Airmass#: The path length of light through Earth’s atmosphere, expressed as a ratio relative to the path length at zenith. In the plane-parallel approximation, airmass = sec(z), where z is the zenith angle. At zenith, airmass = 1.0; at 60\(^\circ\) from zenith, airmass \(\approx\) 2.0. Airmass affects the amount of atmospheric extinction and is used in flux calibration.
Aperture#: A defined region on a 2D spectral image from which flux is extracted. In long-slit spectroscopy, the aperture is typically centered on the trace and has a specified aperture width. The aperture defines which pixels contribute to the extracted 1D spectrum.
Aperture Width#: The spatial extent (in pixels) over which flux is summed during extraction. For boxcar extraction, all pixels within the aperture width receive equal weight. The optimal width balances including most of the source flux while minimizing background noise.
Arc Lamp#: A calibration light source that produces emission lines at known wavelengths, used for wavelength calibration. Common arc lamps include helium (He), argon (Ar), neon (Ne), and mercury-argon (HgAr) combinations.
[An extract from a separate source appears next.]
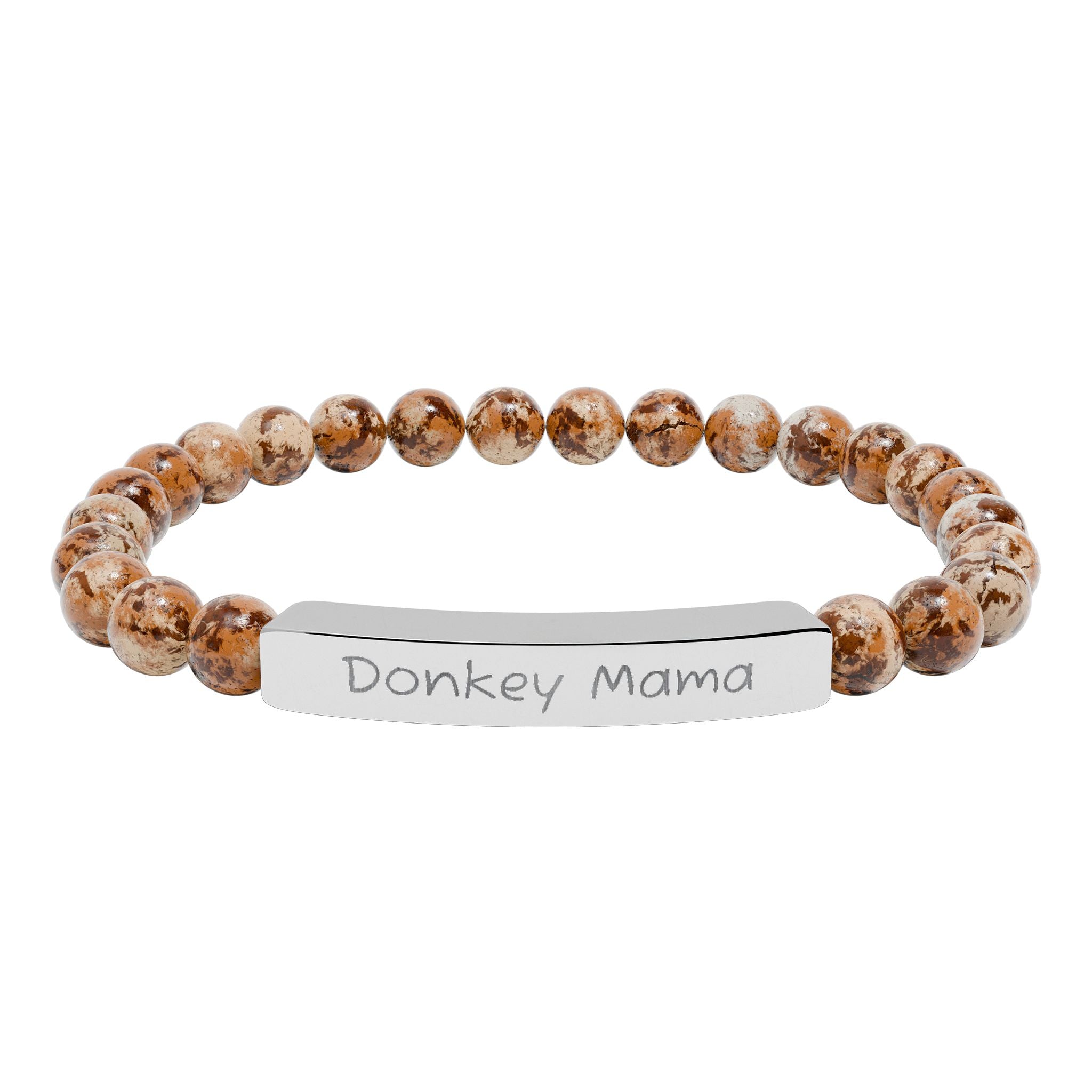 Donkey Mama Natural Stone Stretch Bracelet – Engraved Donkey Lover Jewelry, Farm Mom Gift, Rustic Homestead Bracelet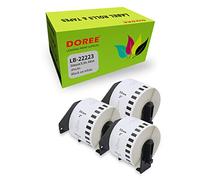DOREE 3 Rotoli DK-22223 Etichette Continue, compatibili con Brother DK-22223, 50 mm × 30,48 m etichette Adesive, Per stampanti di etichette Brother QL-500, QL-550, QL-570, QL-700, QL-800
The resulting calibration exposure is called an arc spectrum.
Arc Spectrum#: A calibration exposure taken with an arc lamp, showing discrete emission lines at known wavelengths. Arc spectra are used to establish the wavelength solution that maps pixel positions to wavelengths.
Atmospheric Extinction#: The wavelength-dependent absorption and scattering of light by Earth’s atmosphere. Atmospheric extinction increases at shorter wavelengths and with higher airmass. Correction for atmospheric extinction is part of flux calibration.
Background#: Signal in a spectral image that does not originate from the science target, including sky emission, scattered light, detector dark current, and other instrumental artifacts. Background subtraction removes this contaminating signal before or during extraction. In specreduce, the Background class handles background estimation and subtraction.
Background Aperture#: The spatial region(s) used to measure the background level. In two-sided background subtraction, apertures are placed on both sides of the trace; in one-sided background subtraction, a single aperture is used on one side.
Barycentric Correction#: A velocity correction that accounts for Earth’s orbital motion around the Solar System barycenter (center of mass). Applying barycentric correction converts observed wavelengths to the reference frame where the Solar System barycenter is at rest, enabling precise radial velocity measurements. See also heliocentric correction.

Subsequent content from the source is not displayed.